Vassili Mironov
Vassili Mironov was an NKVD agent who was based in New York City during the Second World War. He developed an intense dislike of his boss, Vassili Zarubin. It was believed that he showed too much faith in his wife, Elizabeth Zarubina, and other officers he had brought with him to the United States. Mironov gained support from one of his fellow officers, Vassili Dorogov. He reported back to Moscow that he disapproved of Zarubin's "crudeness, general lack of manners, use of street language and obscenities, carelessness in his work, and repugnant secretiveness." (1)
Vassili Mironov: FBI Informant
Zarubin was moved to Washington in 1943. This indicated that Soviet's senior intelligence officer should based in the capital. (2) Zarubin took up the position of third secretary of the Russian Embassy. However, on 7th August, 1943, J. Edgar Hoover received an anonymous letter naming Vasssily Zarubin, Elizabeth Zarubina, Semyon Semyonov, Leonid Kvasnikov and seven other NKVD agents working in the United States. This included Soviet officials, Vassili Mironov and Vassili Dolgov, and consular officials Pavel Klarin (New York) and Gregory Kheifets (San Francisco). (3)
The letter also accused Zarubin of being a Japanese agent and his wife was working for Nazi Germany. Zarubin was also accused of being involved in Katyn Forest Massacre and was "interrogated and shot Poles in Kozelsk, Mironov in Starobelsk". The writer went on to describe a large network of Soviet agents, "among whom are many U.S. citizens". He named Earl Browder and Boris Morros. He also claimed that a "high-level agent in the White House" (this was probably Lauchlin Currie). The FBI believed the letter was genuine and carried out surveillance on Zarubin and other Soviet operatives mentioned in the letter.
Recalled to Moscow
Vassili Zarubin continued to work in Washington. That summer, Vassili Mironov, contacted Joseph Stalin and accused Zarubin of being in secret contact with the FBI. (4) In August 1944, Zarubin, his wife, Elizabeth Zarubina, and Mironov, were recalled to Moscow. Mironov's allegations against Zarubin were investigated and found to be groundless and he was arrested for slander. However, at his trial Mironov was found to be schizophrenic. (5) According to Pavel Sudoplatov, the author of Special Tasks: The Memoirs of an Unwanted Witness (1994), the letter sent to the FBI had been written by Mironov. (6)

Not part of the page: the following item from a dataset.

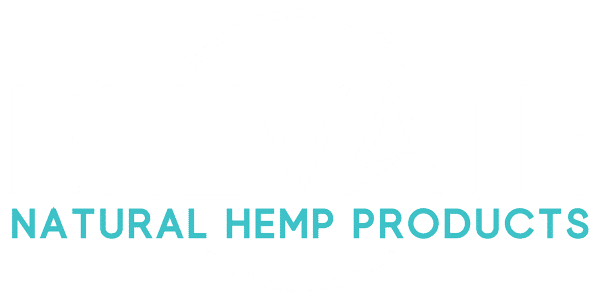 Elevate Natural Hemp Products logo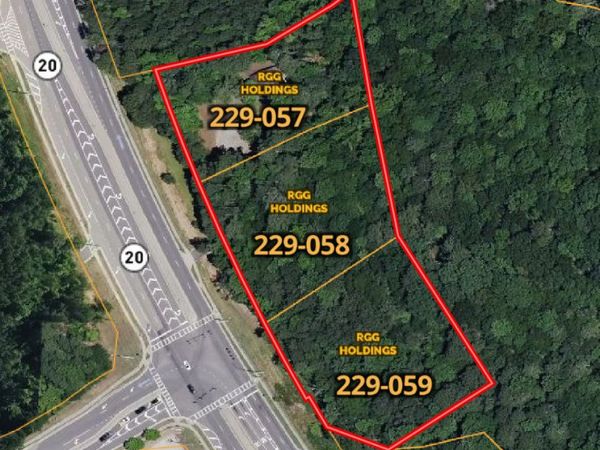 3625 Buford Highway, Cumming, GA 30040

Vassili Zarubin now became deputy chief of foreign intelligence in Moscow. Mironov was sent to a labour camp. In 1945 Mironov tried to smuggle out of prison to the US Embassy in Moscow information about the Katyn Forest Massacre. Mironov was caught in the act, given a second trial and shot. (7)
Primary Sources
(1) Harvey Klehr and John Earl Haynes, Venona: Decoding Soviet Espionage in America (2000)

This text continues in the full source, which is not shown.